<<<<

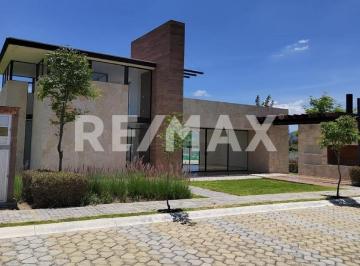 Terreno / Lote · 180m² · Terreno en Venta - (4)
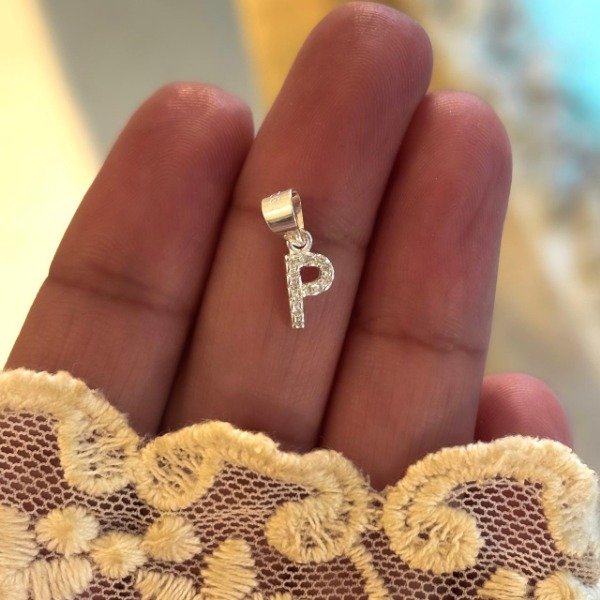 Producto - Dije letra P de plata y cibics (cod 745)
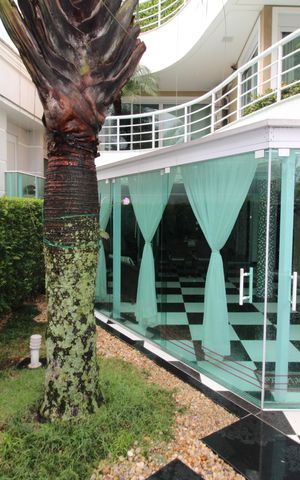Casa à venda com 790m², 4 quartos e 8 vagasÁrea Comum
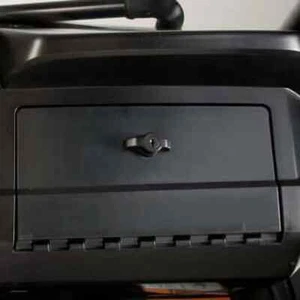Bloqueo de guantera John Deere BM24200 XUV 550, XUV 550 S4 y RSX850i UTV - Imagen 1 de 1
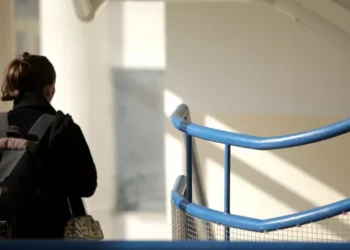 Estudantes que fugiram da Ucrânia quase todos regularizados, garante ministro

>>>>
<<<<

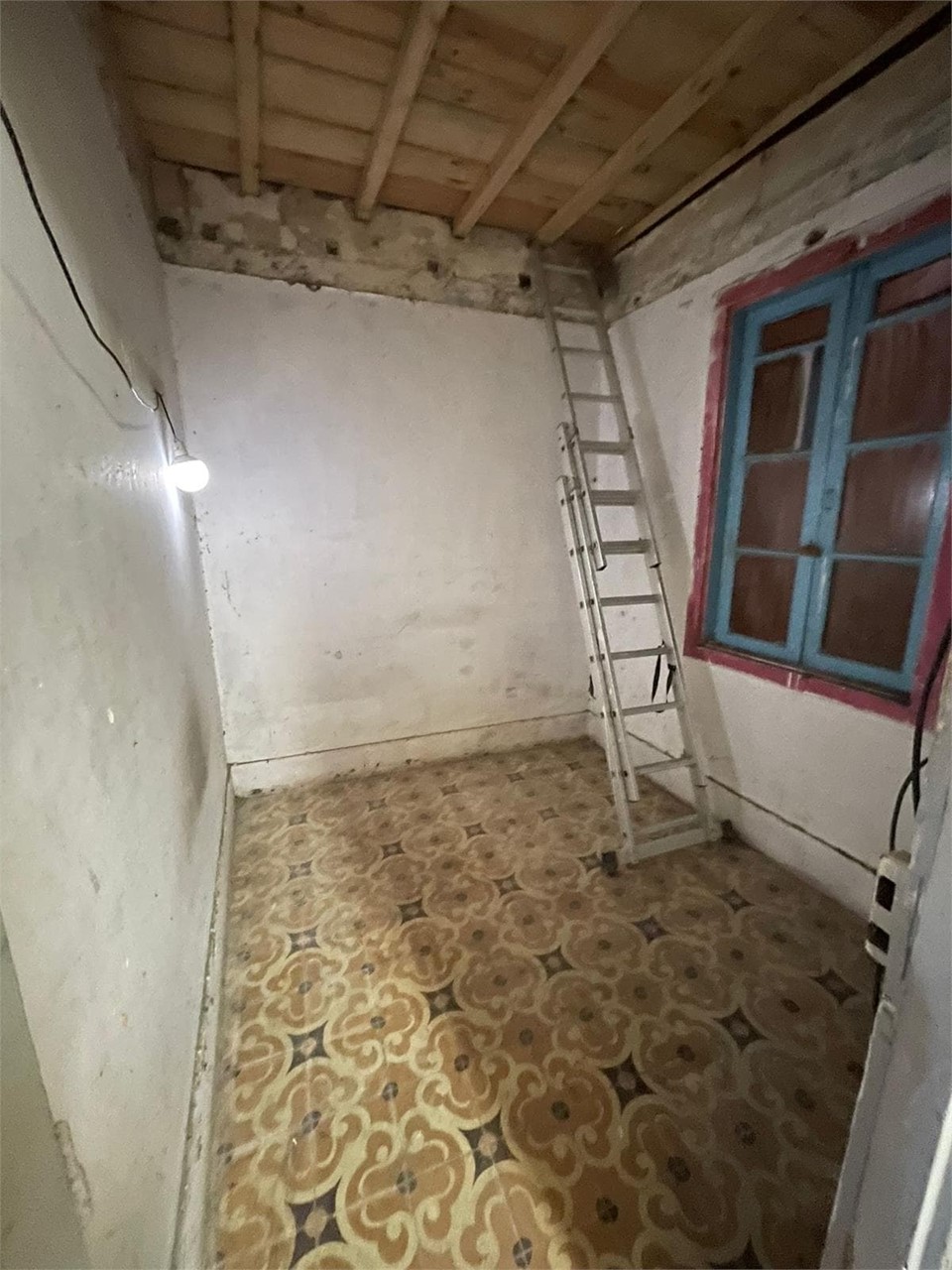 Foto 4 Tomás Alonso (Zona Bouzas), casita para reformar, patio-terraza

>>>>
<<<<

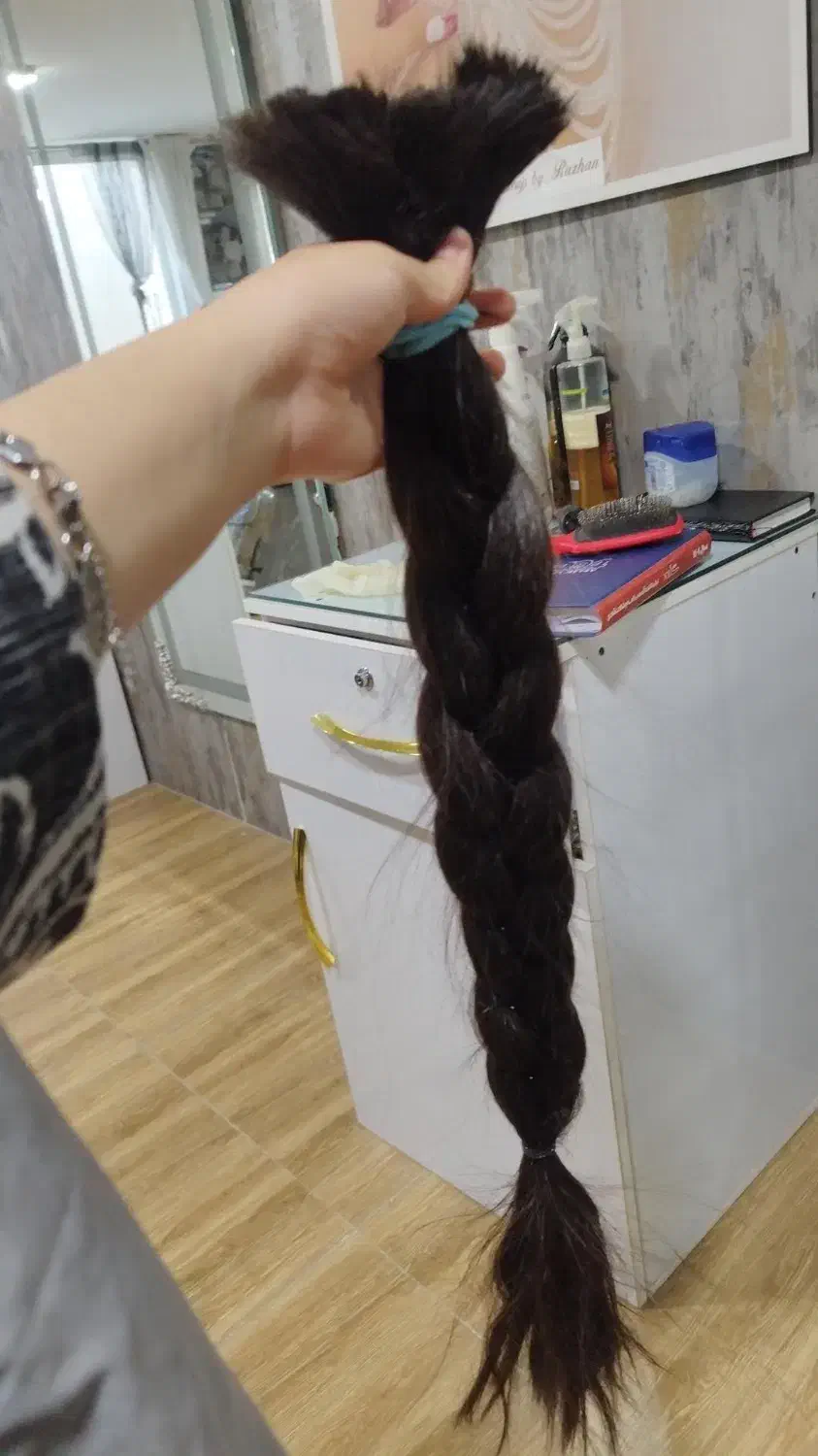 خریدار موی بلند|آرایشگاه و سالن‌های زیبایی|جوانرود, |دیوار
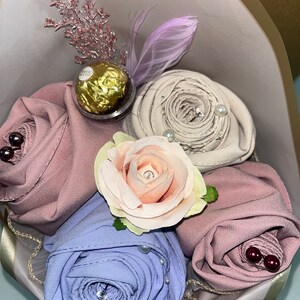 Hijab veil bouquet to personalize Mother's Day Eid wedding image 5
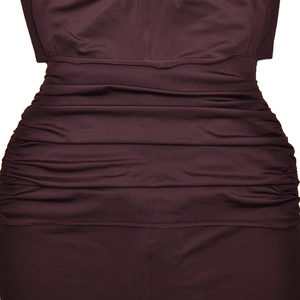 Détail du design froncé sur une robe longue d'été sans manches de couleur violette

>>>>

*TASK DIRECTIONS*
Starting at the line above that holds "Terreno / Lote", repeat every line exactly down to and including the line that holds "Estudantes que fugiram", then stop. Do not carry over any pictures.

*OUTPUT OF THE TASK*
 Terreno / Lote · 180m² · Terreno en Venta - (4)
 Producto - Dije letra P de plata y cibics (cod 745)
Casa à venda com 790m², 4 quartos e 8 vagasÁrea Comum
Bloqueo de guantera John Deere BM24200 XUV 550, XUV 550 S4 y RSX850i UTV - Imagen 1 de 1
 Estudantes que fugiram da Ucrânia quase todos regularizados, garante ministro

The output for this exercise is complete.